Yaratma eylemine bir de ideolojik açıdan bakılabilir mi? Fotoğraf yaratısı dahil tabiî. Yoksa yaratma eyleminin ideolojisi olmaz mı? Yaratma eylemi bir bütün süreç olarak, belki pek çok alandan çok daha kışkırtıcı ve cazip bir ideolojik alan.
Gerekli-gereksiz, insanî-gayri insanî olduğuna bakılmadan her şeyin tüketmek üzere üretildiği bir dünyada yaşıyoruz. Kapitalist mekanizma içinde üretim, bilinmeyen bir yere yapılıyor. Üretilenin gerekli ve “yeni” olduğuna inandırmak, yalanla hayat bulan reklâmın görevi; kimilerinin medya, kimilerinin “büyük basın” dediği propaganda araçlarıyla bu görev yerine getiriliyor.
Her şeyin tüketilmek üzere üretildiği dünyanın insanlarının tipik özelliği ise vermeye değil, almaya eğilimli olmaları. Büyük köy de denebilecek metropol hayatının hemen her alanı ekonomize edilmiş durumda; bu hayat içinde kimse “öylesi”ne iş yapmıyor.
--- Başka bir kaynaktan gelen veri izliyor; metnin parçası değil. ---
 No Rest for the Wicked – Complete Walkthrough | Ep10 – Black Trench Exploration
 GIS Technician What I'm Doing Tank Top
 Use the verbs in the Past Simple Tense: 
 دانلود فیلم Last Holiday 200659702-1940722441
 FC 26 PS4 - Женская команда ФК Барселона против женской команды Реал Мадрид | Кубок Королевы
Bir işyerinin kârdan başka hedefi yok. Bir şirket bir yere fiyat teklifi geçerken de kârdan başka bir amaç taşımıyor. Pazar böyle işliyor. Kârın, pazarın etik yanını tartışmak, kapitalist ilişkilerin vardığı çirkin boyutu özetlemek değil burada asıl amacım, şu: Bir dükkânı açmak, bir yere fiyat vermek kârı amaçlarken, yaratma eylemi bütün bu kuralların dışında gelişiyor.
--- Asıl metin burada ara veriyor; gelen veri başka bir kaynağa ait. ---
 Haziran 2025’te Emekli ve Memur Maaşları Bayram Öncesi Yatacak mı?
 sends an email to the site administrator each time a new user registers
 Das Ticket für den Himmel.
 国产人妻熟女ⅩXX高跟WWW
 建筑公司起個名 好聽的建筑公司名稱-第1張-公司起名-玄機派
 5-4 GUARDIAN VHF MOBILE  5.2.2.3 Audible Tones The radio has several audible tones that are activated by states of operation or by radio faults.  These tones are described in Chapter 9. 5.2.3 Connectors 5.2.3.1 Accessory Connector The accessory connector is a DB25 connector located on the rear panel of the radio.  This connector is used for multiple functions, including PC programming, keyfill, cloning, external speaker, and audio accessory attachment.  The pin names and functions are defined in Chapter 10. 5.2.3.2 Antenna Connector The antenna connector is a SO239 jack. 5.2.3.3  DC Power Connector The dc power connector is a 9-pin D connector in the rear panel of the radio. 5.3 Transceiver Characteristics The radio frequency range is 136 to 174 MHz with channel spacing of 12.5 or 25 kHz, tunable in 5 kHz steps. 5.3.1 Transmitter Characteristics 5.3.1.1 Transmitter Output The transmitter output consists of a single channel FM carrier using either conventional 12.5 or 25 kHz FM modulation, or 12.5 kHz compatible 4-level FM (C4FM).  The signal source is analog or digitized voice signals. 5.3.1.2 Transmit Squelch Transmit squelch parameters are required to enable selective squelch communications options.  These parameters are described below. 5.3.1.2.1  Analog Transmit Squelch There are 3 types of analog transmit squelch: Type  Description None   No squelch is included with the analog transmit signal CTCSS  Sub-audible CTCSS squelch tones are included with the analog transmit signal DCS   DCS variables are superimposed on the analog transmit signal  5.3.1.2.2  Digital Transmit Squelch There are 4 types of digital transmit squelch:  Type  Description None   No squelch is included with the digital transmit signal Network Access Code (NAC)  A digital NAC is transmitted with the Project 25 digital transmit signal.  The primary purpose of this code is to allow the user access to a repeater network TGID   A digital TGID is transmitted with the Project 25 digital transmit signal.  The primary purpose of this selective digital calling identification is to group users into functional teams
Şairin, yazarın, ressamın, fotoğrafçının ya da bir bestecinin uykusunu bölüp çalışmalarının başına iten şey, esas itibariyle ondan kâr etmek değildir. Bu yaratıcı, üzerinde çalıştığı eserin ne kadar gelir getireceğini hesap etmez. Fotoğrafçıyı, akıp gitmekte olan anlardan birini kutusuna hapsetmek için bir konu peşine düşüren de asıl olarak ondan para kazanmak değildir. Kapitalist insan tipinde almak esasken, kültürel yaratma eyleminde vermek var. Bu özellikleriyle kültürel yaratma eylemi, bütün kapitalist ilişkilere ters bir süreç içinde gelişir. Bu yanıyla antikapitalist bir süreçtir. Yaratıcısı, siyasi duruşundan bağımsız, yaptığı her şey antikapitalist süreç içinde geliştiği için objektif olarak anti-kapitalisttir.
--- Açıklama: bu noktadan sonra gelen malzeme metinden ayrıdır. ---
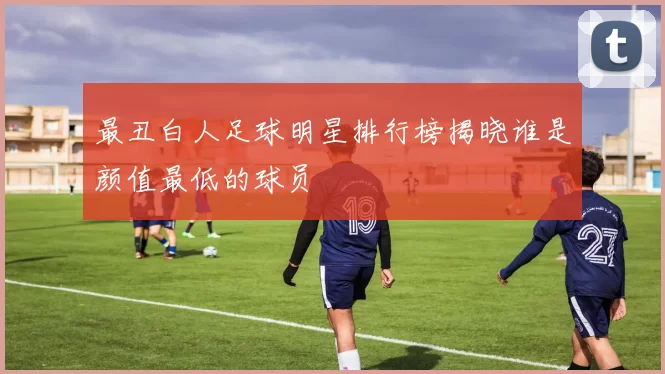最丑白人足球明星排行榜揭晓谁是颜值最低的球员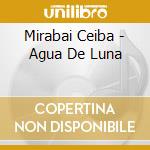 Mirabai Ceiba - Agua De Luna cd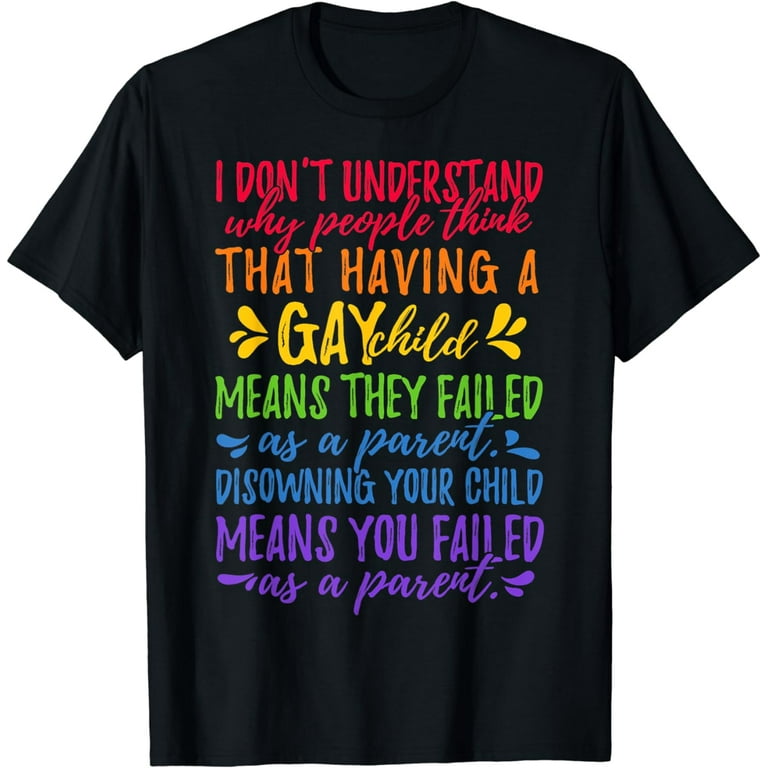 Gay Pride - Proud Parent Mom Dad Parenting Quote T-Shirt Gay Pride - Proud Parent Mom Dad Parenting Quote T-Shirt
Yaratıcı, kapitalist insan tipinden uzak, hesapsız bir refleksle üreterek veren bir varlık olarak daha çok kadına, daha doğrusu anneye benzer. Evrende sadece insan üretir. Kültür yaratımı ise insanın en temiz yanını temsil eder. Yaratma eyleminin asıl gizemi, yaratıcısına yönelik genel merak, yine yaratıcının bilinen zor yanlarının temel kaynakları, onun iradesinden bağımsız anti-kapitalist duruşunda ve ürünlerinin insanlığın en zararsız, en temiz yanını temsil etmesinde yatmasın sakın? Sadece bir soru…
Bazı alanlar vardır, meslek olamazlar. Bilim, meslek değildir. Politikacı ve aydın olmak da meslek değil, iç meslektir. Bilim ve politika, her homo-sapienste olması gereken iç meslektir; bilimi günlük hayatın alanlarına yaymak ve politik olmak meslek değil, bir yurttaşlık görevi olarak birer iç meslektir. Kültür üretimi ve aydınlatma görevi, ancak bu iki iç meslek üzerine inşa edilebilir.
Siparişle yaptırılan işler ise burada anlatılanların tamamen dışında, ne kadar yaratıcı olursa olsun mesleki faaliyetlerdir. Bu nedenle kimsenin görevlendirmediği hâlde, sırf kendi bağımsız ve özgür iradesiyle bir konuda kendini sorumlu hissederek fotoğraf projeleri gerçekleştirmek, fotoğraf yaratısı içinde en değerli olanıdır. Diğer bütün yaratı alanlarında olduğu gibi fotoğrafçıyı başkalaştıran, kendine has bir tarz geliştirmesini sağlayan da asıl olarak burasıdır. Gerçekleştirdiği proje, tüm insanlığın en temiz yanı saydığımız kültür parçacıklarından biri olsa, yaratıcı projesinin insanlara ulaşması, yani insanlar tarafından paylaşılması için de en az o kadar çaba harcamalıdır. Çünkü insani kültür parçası ancak insana ulaştığında, ulaştığı yeri bir şekilde harekete geçirdiğinde asıl değerine ulaşır.